3. Чаепитие у Юргена
Так говорила Она той зимой. Она всегда знала все лучше. А он слушал Ее. Слушал всегда. Он верил Ей. Верил до конца. И даже когда Ее, в начале весны, не стало, он продолжал верить Ей. Она знала. Она всегда все знала.
Генри прожил долгую жизнь. Он был счастлив. Сначала он боялся подумать, что может быть счастлив без Нее. Он не думал, что сможет жить без Нее. Но он выжил. И он был счастлив. Но он всегда помнил о Ней, и о том, что Она сказала той последней зимой.

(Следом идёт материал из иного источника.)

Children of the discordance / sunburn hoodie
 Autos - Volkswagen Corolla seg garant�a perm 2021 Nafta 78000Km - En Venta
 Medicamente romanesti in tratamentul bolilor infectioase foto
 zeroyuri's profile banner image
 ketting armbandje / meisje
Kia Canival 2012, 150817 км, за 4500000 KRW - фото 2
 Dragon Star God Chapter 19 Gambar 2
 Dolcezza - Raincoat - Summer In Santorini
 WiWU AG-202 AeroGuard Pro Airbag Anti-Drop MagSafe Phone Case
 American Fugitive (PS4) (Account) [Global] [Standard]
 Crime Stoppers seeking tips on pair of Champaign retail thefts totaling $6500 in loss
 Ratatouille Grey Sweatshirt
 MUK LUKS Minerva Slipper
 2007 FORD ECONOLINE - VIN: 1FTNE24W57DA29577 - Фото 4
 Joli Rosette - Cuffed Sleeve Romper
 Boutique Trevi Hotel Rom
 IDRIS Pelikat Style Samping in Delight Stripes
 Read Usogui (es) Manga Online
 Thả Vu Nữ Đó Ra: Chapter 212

И вот теперь он Здесь. В этом загадочном Там, о котором Она говорила. И теперь ему нужно идти. Нельзя заставить Ее ждать. Генри поднялся с пыльного кафельного пола и зашагал на улицу. В комнате было всего три стены – четвертая была разрушена и, видимо, давно. Ступив на песок, генри огляделся: грязно-белое небо, черные подрагивающие звезды, полуразрушенные дома, пыль и песок. Так вот, как все Здесь выглядит. Что ж, теперь надо найти холм и дерево.
Тик… Генри зашагал вдоль по улице. Надо было понять, что здесь, и как.
Так… Пусто. Тихо. Нигде ни души. Пустые окна домов безучастно глядят на одинокого путника. «…Изменимся до неузнаваемости…» интересно, а как же я выгляжу теперь?
Тик… Генри оглядел себя: светлая кожа рук, клетчатый серо-коричневый пиджак, светло-серая рубашка; коричневые брюки и ботинки непонятного цвета, покрытые непроницаемым слоем пыли.
Так… Он подошел к мутному стеклу, стер скрипящий серый слой и вгляделся в черный провал, из которого на него смотрел Генри, новый Генри. Молодое лицо, совсем непохожее на его прежнее; светлые глаза, цвет которых не был виден в стекле; светлые, слегка рыжеватые волосы.
Тик… Генри двинулся дальше. Довольно приятная внешность. Жаловаться не на что. Да, и важна ли здесь внешность? Если да, то почему весь город в руинах и все так серо и тускло? Если нет, то зачем вообще новая внешность? Почему бы не остаться семидесятилетним стариком?
Так… Генри замер. Звук часов. Только сейчас он его расслышал. Да, надо было двигаться дальше. Он просто теряет время.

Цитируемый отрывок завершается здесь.